Smurfit Westrock Reports Fourth‑Quarter and Full‑Year 2025 Results

SW
February 11, 2026

Smurfit Westrock plc reported fourth‑quarter 2025 results that showed a decline in net income to $98 million, down 33% from $146 million in the same period a year earlier, and a net income margin of 1.3% versus 1.9% in 2024. Adjusted EBITDA rose modestly to $1,172 million, but the margin slipped to 15.5% from 15.8% in 2024. Revenue for the quarter was $7.58 billion, a 0.5% year‑over‑year increase, while operating cash flow fell to $1,195 million from $1,483 million in 2024.

The company’s adjusted basic earnings per share of $0.34 missed consensus estimates that ranged from $0.45 to $0.51, representing a shortfall of roughly 25–30%. The miss was driven by higher raw‑material costs and a shift toward lower‑margin product mix, which compressed earnings even as the company maintained disciplined cost control. The guidance for the quarter’s EPS was not updated, but the company highlighted that the margin compression is expected to ease as cost pressures subside and the product mix stabilizes.

Revenue fell short of the $7.60 billion to $7.67 billion consensus range, a miss of about 1–1.3%. The shortfall was largely attributable to weaker demand in North America, where volume declines offset gains in EMEA and APAC. In EMEA and APAC, the company reported strong demand for sustainable packaging solutions, which helped offset the North American weakness and kept overall revenue growth modest.

Adjusted EBITDA margin compression to 15.5% from 15.8% was largely a result of higher raw‑material costs and a shift toward lower‑margin products. Despite the margin squeeze, the company’s operating cash flow remained robust, and the company emphasized that the margin compression is temporary and will improve as cost controls take effect and the product mix reverts to a higher‑margin profile.

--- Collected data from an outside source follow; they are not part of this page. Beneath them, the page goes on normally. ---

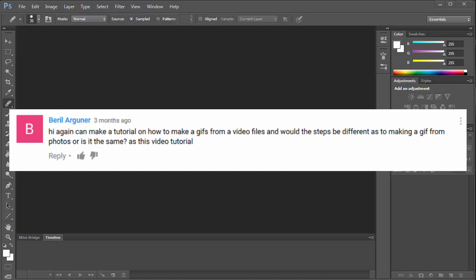Beryl asks how can I make GIFs from video files, and would the steps be different as making a GIF from photos, or is it the same? Well, I'm going to show you how to make an animated GIF from a video file. Thanks Beryl for your question.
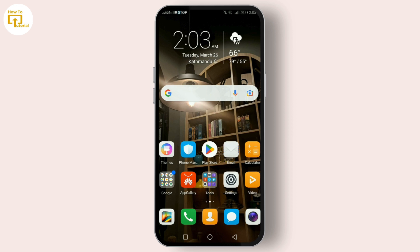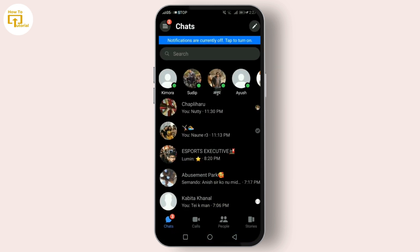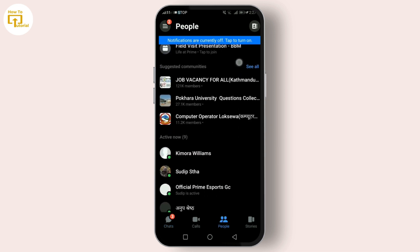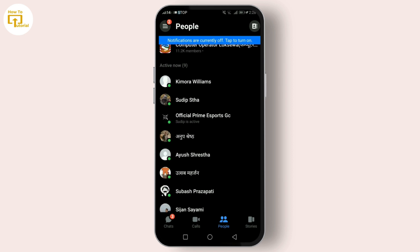I'll guide you through the steps to see and check your friends' online status. Open up your Messenger application. At the bottom you can see the People option — tap on it, scroll down, and you'll find the online people. All the friends who are active will be shown here.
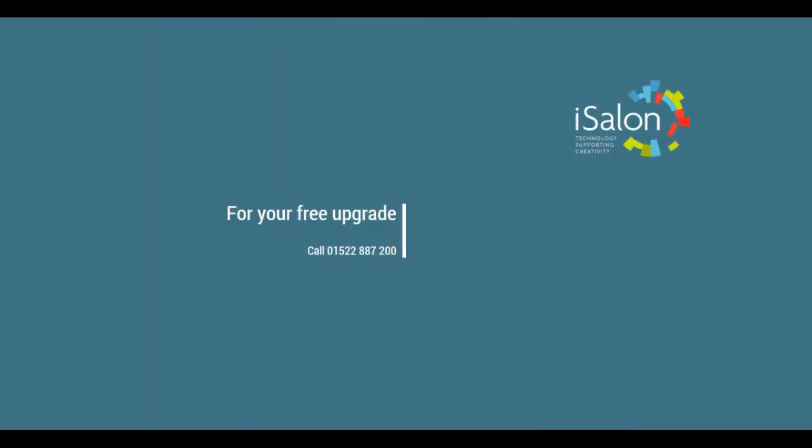To upgrade to the latest version of iSalon for free, call us on 01522 887 200 and choose option one.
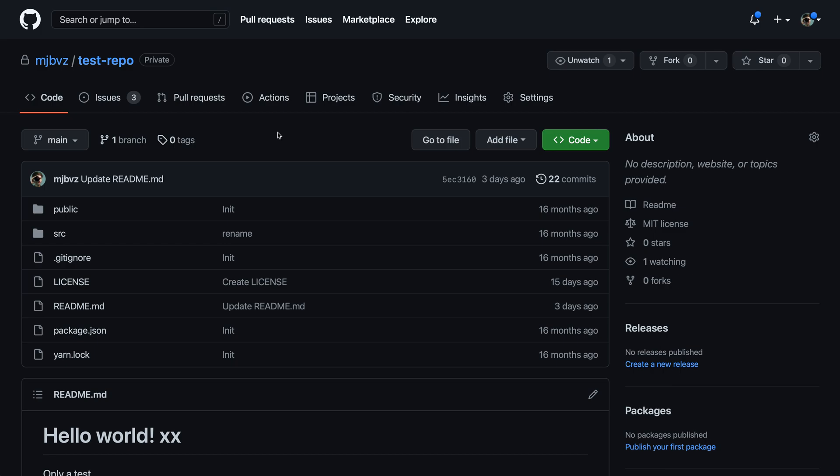Now to get started, you'll want to make sure that you're logged into GitHub, and then navigate to the repository page that you're interested in deleting. So here I'm wanting to delete the test-repo repository, so I've gone to that page.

Management guided for Q1 2026 adjusted EBITDA of $1.1 billion to $1.2 billion and a full‑year 2026 adjusted EBITDA of $5.0 billion to $5.3 billion, a slight upward revision from prior guidance. CEO Tony Smurfit highlighted the company’s progress in synergy delivery, portfolio optimization, and headcount reductions, noting that these initiatives are expected to strengthen profitability and margin expansion in the coming periods.

Investors responded positively to the results, citing the company’s operational improvements, successful synergy execution, and forward‑looking guidance. The market reaction was driven by confidence in the company’s cost‑discipline strategy, capacity‑closure initiatives, and the expectation that the 2026 outlook reflects a more favorable industry environment.